Before we get into it today I have a few confessions:
#1: I’ve already tried this flavor as I had a salty craving the other day and they were just sitting there on the counter…..whispering my name. It was creepy but I couldn’t resist. I did have to call in a priest to exorcise the bag so it’d quit whispering my name and the procedure was a success.
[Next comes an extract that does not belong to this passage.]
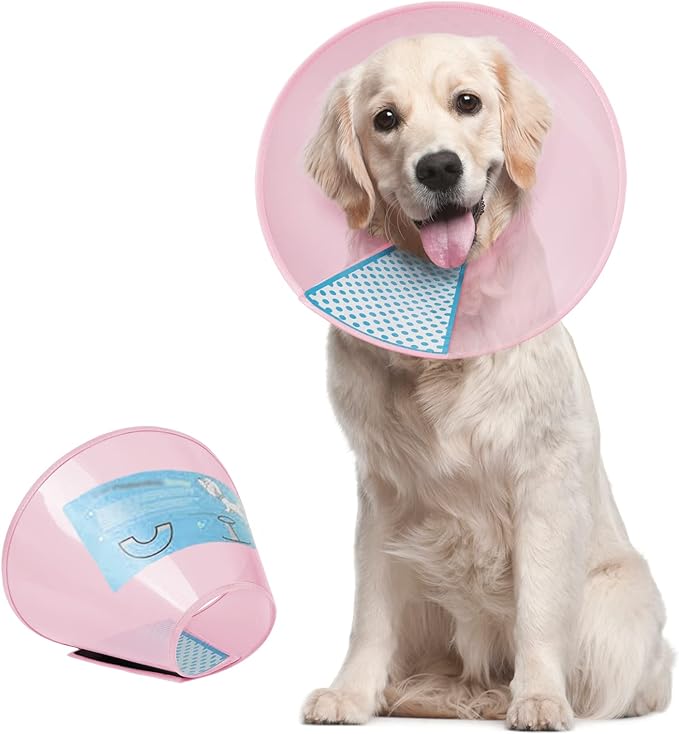 Supet Dog Cone Collar Adjustable After Surgery, Comfortable Pet Recovery Collar & Cone for Large Medium Small Dogs, Elizabethan Dog Neck Collar Plastic Practical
#2: I wasn’t looking forward to doing this one. I took one look at the package and maybe recoiled slightly. The only thing I could think of that I thought these would taste like are those Flamin’ Hot Cheetos that took elementary schools by storms about 8 years ago and have since been banned in several school corporations due to students getting chest pains and weirdly colored stool after eating them. Yep, definitely something I’d like to subject myself to…..but for the sake of my blog….. 😛
Upon opening the bag, I definitely smell a smoky BBQ smell. The taste is also smoky BBQ with quite a bit of heat. The heat lingers on the tongue for a good little bit. The closest thing I can compare it to is Open Pit BBQ sauce, in chip form. Fun fact, I grew up eating Open Pit BBQ sauce on home made macaroni and cheese. For some reason my palate can’t handle that combination anymore. Ah, growing up is sad sometimes. 😦
So, our oldest cat has been glued to my side the whole time I’ve been writing this and she’s been curious about what is in the bag. Now I’ve made sure she didn’t eat any of the chips and have moved the bag away from her several times. She just licked my finger–of the hand that held a chip– and then looked at me with this expression on her face like, “Mom, why did you let me do that??” She’s currently at the water station trying to quench the smoke coming out of her face.
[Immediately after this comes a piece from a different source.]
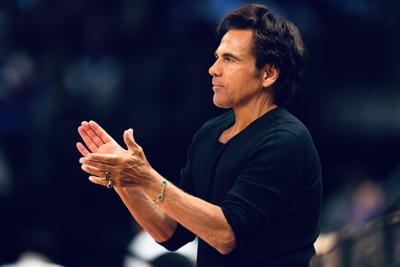 Pistons Owner Tom Gores at Little Caesars Arena during the 2026 NBA Playoffs.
That’s actually one of the benefits of this flavor. They are so hot that you can only eat a couple before you have to stop and drink a glass of milk. And my threshold for spicy is pretty high 😉 . That said, if you are watching your portion control, these would be the chips for you. Also if you are trying to kick-start an overdue labor, keep these on hand if a long walk, drinking castor oil and doing “other activities” don’t work ;-).
PS: FTC Disclosure: This is not a sponsored post. All products were purchased with my hard earned cash that I make chasing around and changing the diapers of little children who want to be doing literally anything else rather than getting their diaper changed.
PPS: No cats were harmed in the making of this blog and some events that were discussed in the preceding blog may have been stretched for artistic license. It amazes me that I even have to say this, but then again we do live in a world where ironing companies have to put a disclaimer on the iron box, telling you to not iron clothes while wearing them.